▸ **Task statement**:
Write out nothing but the lines from the one containing "ลิงก์เชื่อมโยง" through the last line below, both included, and without the pictures.

▸ **Input data**:
···

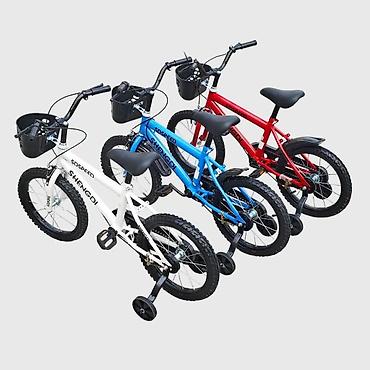 metalac posuđe za decu: 🚲 Dečji biciklo – Savršeno prvo biciklo za vaše dete! 💰 Cena: 🔹 12 — 3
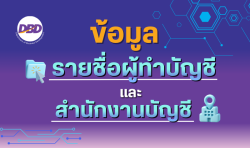 ลิงก์เชื่อมโยงแหล่งข้อมูลบนเว็บไซต์ของกรมพัฒนาธุรกิจการค้า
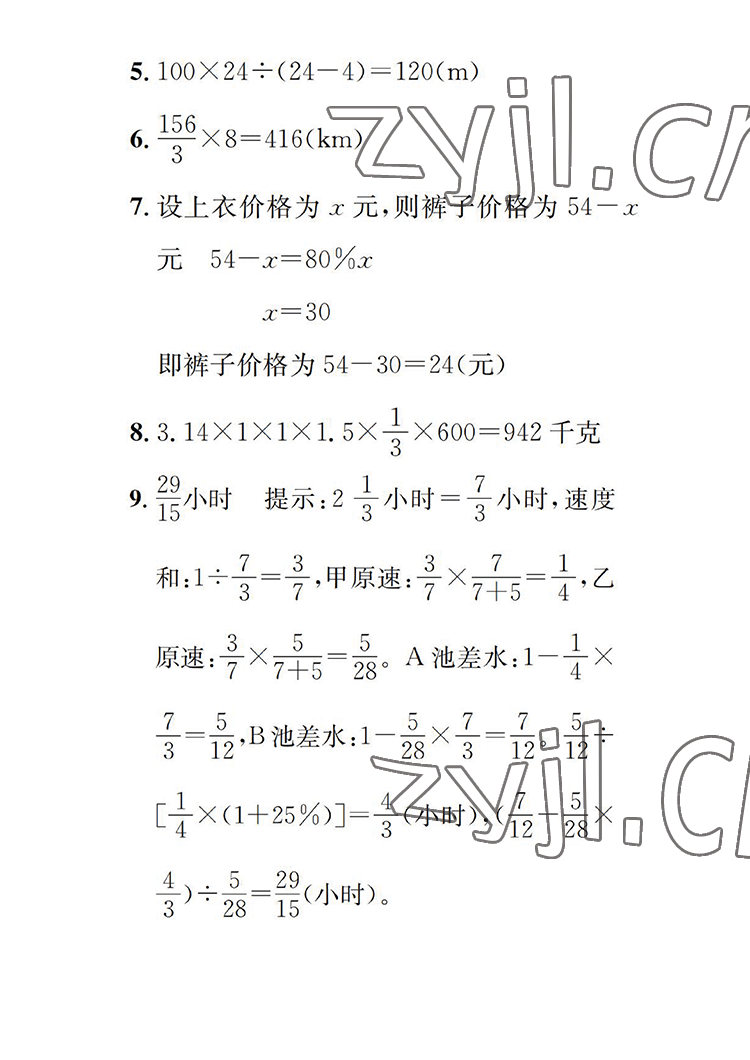 2022年长江暑假作业六年级数学人教版崇文书局 参考答案第7页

···

▸ **Output of the exercise**:
 ลิงก์เชื่อมโยงแหล่งข้อมูลบนเว็บไซต์ของกรมพัฒนาธุรกิจการค้า
 2022年长江暑假作业六年级数学人教版崇文书局 参考答案第7页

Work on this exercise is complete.